In Lawson’s (A Patrimony of Fishes, 1997) short story collection, dynamic characters struggle to stay together or gradually drift apart.
In “The Mushroom Hunter,” a man named Chundo is looking for a rare fungus, but at the heart of the story is the fact that the narrator, Barnaby, idolizes him—a fact that Chundo has used to his advantage for years. Each of these character-driven tales, primarily set in California, astutely examines interpersonal relationships. In “My Year Under the Dog Star,” for example, a man named Scott must deal with the animosity between his fiancee Kelly and his venture capitalist father, Ted.
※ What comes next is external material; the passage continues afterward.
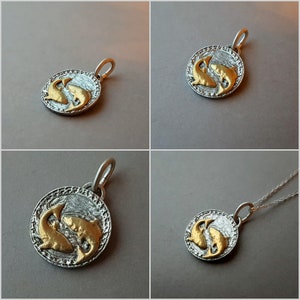 Zodiac sign necklace, optionally in BiCOLOR with 24 carat partial gold plating, handmade from 925 sterling silver, man, woman, unisex, couple jewelry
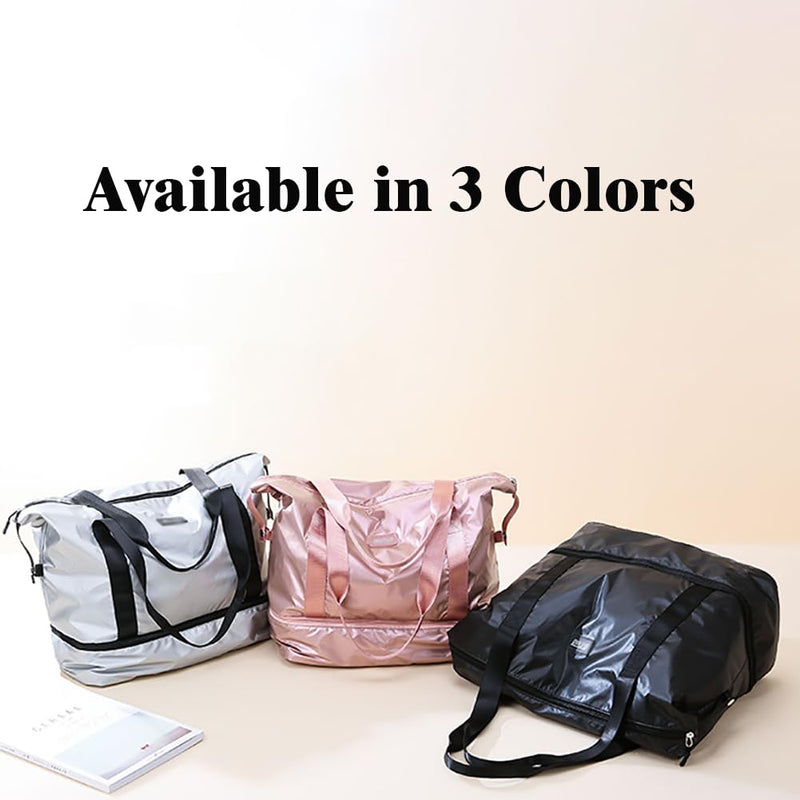 Womens Travel Weekender Bag Duffle Bag Overnight Bag with Shoe Compartment Carry-on Bag Sports Tote Gym Bag (Silver) Silver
Ted gifts Scott with a new dog, but it doesn’t get along with the canine that the couple already have; indeed, the animals are literally at each other’s throats—an apt representation of Ted and Kelly’s dynamic. In the sublime “House on Bear Mountain,” April and her young daughter, Claire, lose husband and father Alec, and they fight to hang on to his lake house, which his brother and sister-in-law believe is rightfully theirs. Although many stories provide at least some humor, the endings are generally somber or unsettling—though certainly memorable. For example, in “Catch the Air,” Gordon’s father, Cris Hogart, once a member of a popular music group, has just turned 75. Although the story initially uses Cris as comic relief, it’s clear by the end that he’s not a happy man. The book concludes with two exceptional tales: “The Beekeeper of Río Momón” and the titular story, which both take truly chilling turns; in the first, characters search for a friend in South America, and in the second, a group goes into the woods to film a staged Bigfoot video. Lawson’s taut, graphic prose sparkles, as in this passage from “House on Bear Mountain”: “The tape clicks into place in the amped-up sound system, and the soundtrack of the movie of Claude’s miserable life begins, sung by a resurrected chorus of 1980s American girl bands.”
Insightful, stimulating, and unforgettable tales.